A definite power corresponds to each ordinal. As ordinals are comparable, so are the corresponding powers.

**Well-ordering theorem**

Every set can be well-ordered.

**Axiom of choice**

Given any set \(M\), there is a “choice function” \(f\) such that \(f(A)\) is an element of \(A\) for every nonempty subset \(A \subseteq M\).

**Definition 3**
Let \(M\) be a partially ordered set, and let \(A\) be any subset of \(M\) such that
\(a\) and \(b\) are comparable for every \(a\), \(b \in A\). Then \(A\) is a *chain* (in
\(M\)). A chain \(C\) is *maximal* if there is no other chain \(C^{\prime}\) in \(M\)
containing \(C\) as a proper subset.

**Definiton 4**
An element \(a\) of a partially ordered set \(M\) is an *upper bound* of a subset
\(M^{\prime} \subseteq M\) if \(a^{\prime} \leq a\) for every \(a^{\prime} \in
M^{\prime}\).

The below two assertions are equivalent to the axiom of choice.

**Hausdorff’s maximal principle**

Every chain in a partially ordered set \(M\) is contained in a maximal chain in \(M\).

**Zorn’s Lemma**

If every chain in a partially ordered set \(M\) has an upper bound, then \(M\) contains a maximal element.

**Theorem 5** (Mathematical induction)

Given a proposition \(P(n)\) formulated fo every positive integer \(n\), suppose that

\(P(1)\) is true.

The validity of \(P(k)\) for all \(k \leq n\) implies the validity of \(P(n+1)\).

Then \(P(n)\) is true for all \(n = 1, 2, \ldots\)

*Proof*

Suppose \(P(n)\) fails to be true for all \(n = 1, 2, \ldots\) Let \(n_1\) be the smallest integer for which \(P(n)\) is false (\(n_1\) exists due to the well-ordering of the positive integers). Clearly \(n_1 > 1\), so \(n_1 - 1\) is a positive integer. Therefore \(P(n)\) is valid for all \(k \leq n_1 -1\), but not for \(n_1\).

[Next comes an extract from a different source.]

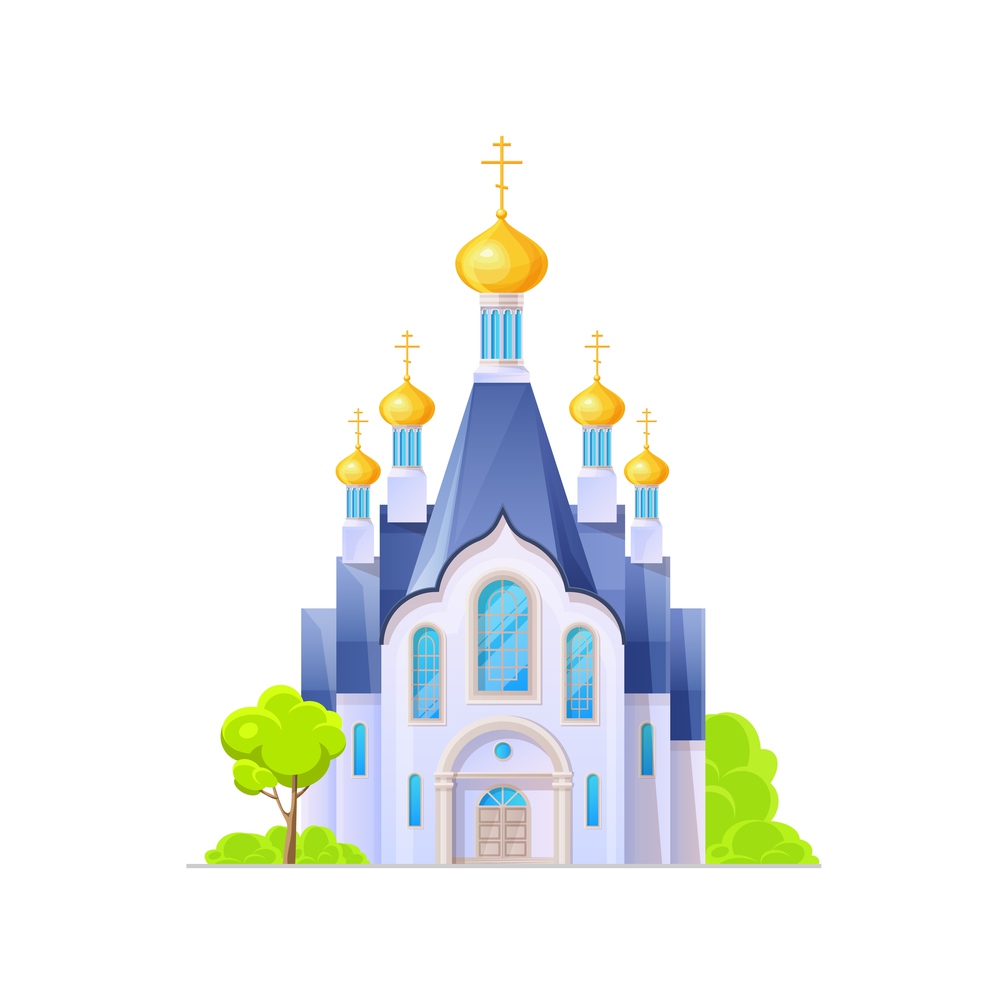 Orthodox church or temple building icon, Christianity cathedral, vector architecture. Orthodox church or chapel with golden cupola dome and crucifix cross, Christian religious architecture building. Orthodox church or temple cathedral, Christianity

Contradiction.

**Theorem 5’** (Transfinite induction)

Given a well-ordered set \(A\), let \(P(a)\) be a proposition formulated for every element \(a \in A\). Suppose that

\(P(a)\) is true for the smallest element of \(A\).

The validity of \(P(a)\) for all \(a < a^*\) implies the validity of \(P(a^*)\).

Then \(P(a)\) is true for all \(a \in A\).

*Proof*

Suppose \(P(a)\) fails to be true for all \(a \in A\). Then \(P(a)\) is false for all \(a\) in some nonempty subset \(A^* \subseteq A\). By well-ordering, \(A^*\) has a smallest element \(a^*\). Therefore \(P(a)\) is valid for all \(a< a^*\) but not for \(a^*\). Contradiction.

## Problems

Exhibit both a partial ordering and a simple ordering of the set of all complex numbers.

Partial ordering: only order reals. Simple: order reals, then complex.

What is the minimal element of the set of all subsets of a given set \(X\), partially ordered by set inclusion? What is the maximal element?

\(\emptyset\) and \(X\).

A partially ordered set \(M\) is a

*directed set*if, given any two element \(a\), \(b \in M\), there is an element \(c \in M\) such that \(a \leq c\), \(b \leq c\). Are the partially ordered sets in Examples 1-4, Section 3.1 all directed sets?No, yes, yes, yes.

The

*greatest lower bound*of two elements \(a\) and \(b\) of a partially ordered set \(M\) is \(c \in M\) such that \(c \leq a\), \(c \leq b\) and there is no element \(d \in M\) such that \(c < d \leq a\), \(d \leq b\). Define*least upper bound*similarly. A*lattice*is a partially ordered set with both a greatest lower bound and a least upper bound. Prove that the set of all subsets of a given set \(X\), partially ordered by set inclusion, is a lattice. What is the set-theoretic meaning of the greatest lower bound and least upper bound of two elements of this set?Same as 2.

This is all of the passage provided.